A virus does not go away and waits for lower immunity in the body it inhabits to make a return. The demand for a separate Khalistan is one such virus in Punjab’s body politic, impacting adversely the rest of India. The observance of Operation Blue Star’s anniversary at the Golden Temple in Amritsar on Saturday, at which the families of killed terrorists were honoured and anti-national slogans raised by radical groups, indicates the continued existence of a dangerous communal mindset which denies the years of suffering the movement caused in the state, and the shock it inflicted on overall development. From being India’s leading state on a wide-range of parameters, it has become a laggard that is barely managing to keep up with the changing world. The greatest impact, as observed by many, has been on the youth, who have lost direction and the traditional Punjabi spirit of enterprise.

While it is the duty of the state and central governments to ensure the level of immunity does not drop for any reason, it is shocking that the Head Priest of the Akal Takht can do no better than ‘balance’ the situation by stating a Khalistan would be accepted if the offer is made. The Shiromani Gurudwara Prabhandak Committee president suggests all Sikhs would want a Khalistan. This clearly reflects the unrepresentative and unaccountable nature of these posts and the community had better take remedial action at every level.

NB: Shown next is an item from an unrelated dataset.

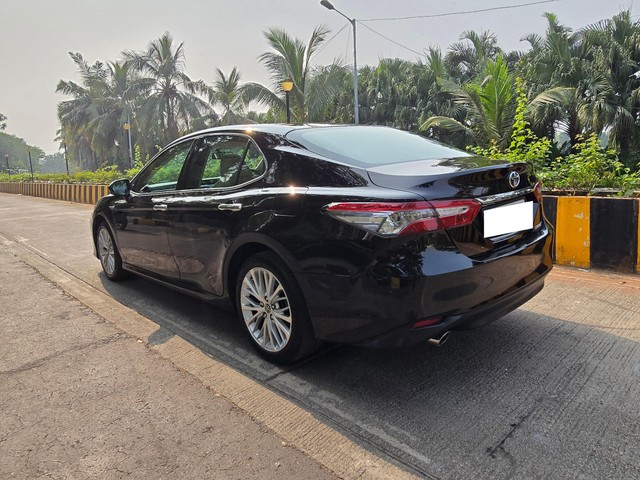 Second-hand 2019 Toyota Camry Hybrid 2.5 for sale in Mumbai-3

It is a well known fact that there are several agencies around the world backing these separatists. The ISI is the primary mover, providing funds and sanctuary to these psychologically ill and opportunistic elements. However, the intelligence agencies of several western countries are also involved, using them as a card to hopefully pressurise India if a situation so develops in some future scenario. The supporters of this movement gang up with any and every anti-India cause, no matter how malefic, in countries like the US, Canada, Britain, Australia, New Zealand, etc. They spin yarns for the press, and use the new media to spread all kinds of fantasies. It has actually little to do with India and much more with establishing an identity that gives them political importance in their new found countries, being otherwise too small a community to make an impact except as individual achievers. Unfortunately, this selfish purpose poses a danger to India’s law and order, as well as security. Although the attitude is to overlook their ‘occasional’ transgressions, believing their influence at home to be marginal at most, it is also a reminder that the virus exists, biding its time.